Necessary Adhesive for Barcode Labels


Whenever you go to the shops and pick up an item, it is scanned through its barcode, telling the checkout person what it is, and what its price is. Barcodes are absolutely essential to the proper functioning of our society nowadays. In fact, you can even get apps on smartphones that can read barcodes, telling you what it is, how many calories are in it (if it is consumable), and where you can get the cheapest one! None of that would be possible if it wasn’t for the adhesives keeping barcodes in place, available, for instance, through

All about Barcode Label Adhesives

There are three key elements to a barcode label adhesive that are important to be aware of. Those are:

  1. Shear, which is the measurement that tells someone how strong the adhesive is once it is attached to itself. This is very important if the surface on which the barcode is placed is curved. If the shear is low, the label will easily fall off, so a higher sheer level is required.
  2. Tack, which measures how good an adhesive is at building an instant bond to the surface on which it is placed.
  3. Peel, which is the force that is needed to remove a label after it has been put in place.

Next time you see a barcode, take a closer look. You may not realize it, but there are actually a number of different types of backings to their adhesive, with the type depending on the quality of the label and the surface to which it is attached.

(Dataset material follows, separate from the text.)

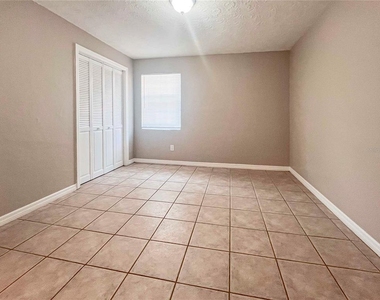 2137 Roselawn Street - Photo Thumbnail 7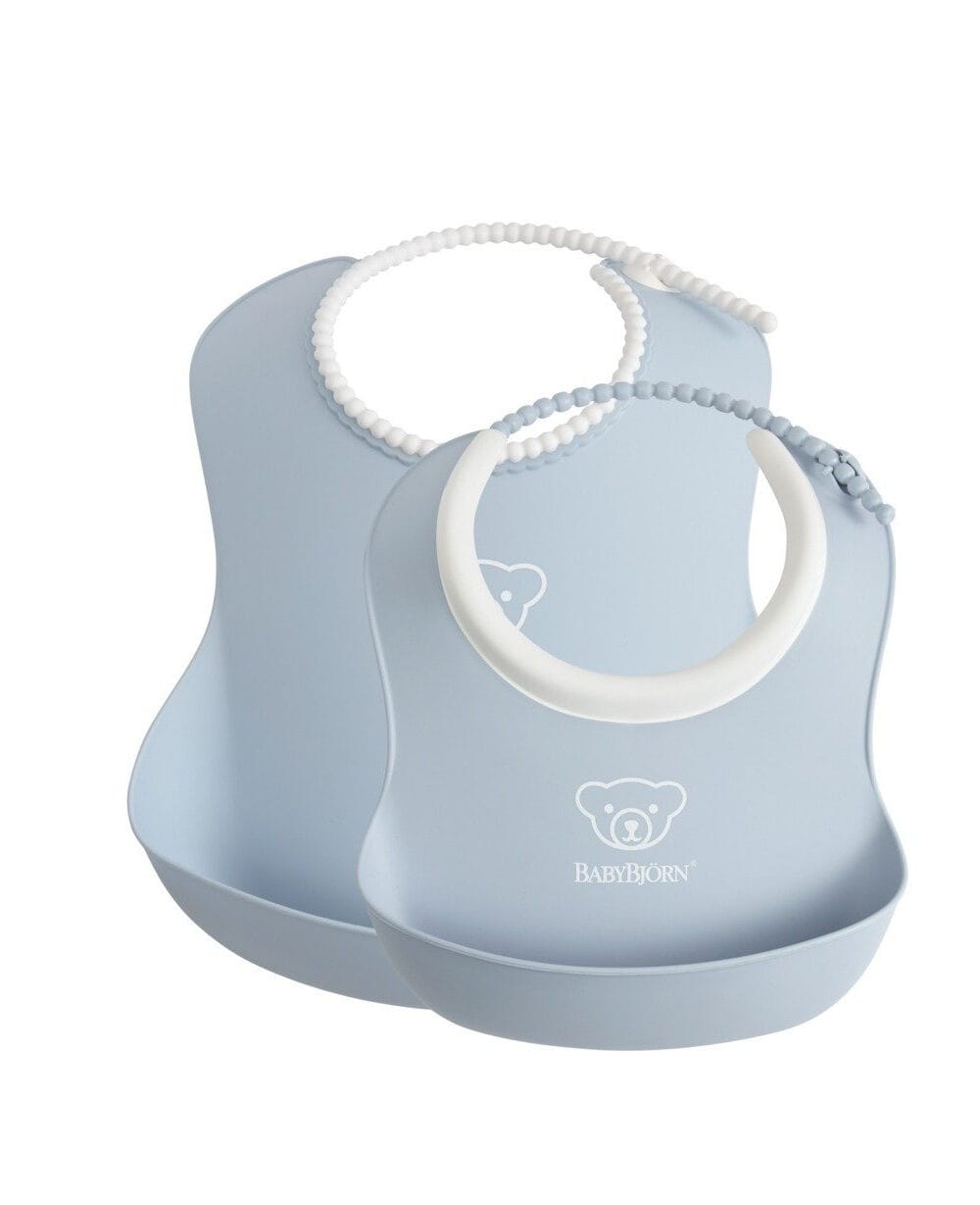 BABYBJORN - zestaw śliniaków mały/duży - Powder Blue BABYBJORN - zestaw śliniaków mały/duży - Powder Blue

The weight of the label’s adhesive coating is also very important, and this varies depending to the requirements of the application.

Generally speaking, there are two types of barcode label adhesives:

  1. Permanent barcode label adhesives, which are the most commonly used. The adhesive properties here are very strong on a range of different surfaces, which includes stainless steel, plastic, and paper. Whenever there isn’t any need for barcodes to be removed, this is the type of adhesive employed.
  2. Removable barcode label adhesives. These are not as common and will only be found in places where only a temporary barcode is required. A good example of this is when a price tag is attached to a high value item. The temperature at which point removable barcode labels start to adhere starts at 40 degrees F approximately, which is much higher than its permanent counterpart.

There are further subdivisions within barcode label adhesives as well, pointing to more specific applications. This includes glove, rubber, solvent, silicone, food contact, and emulsion friendly adhesives. It also includes pressure sensitive, high temperature, cold temperature, acid free, and acrylic adhesives.

Clearly, the next time you are in a shop and you pick up an item, you may want to check out the barcode and see what it tells you. Interestingly, it is actually a dying art, because most products are now manufactured with the barcode on the packaging material.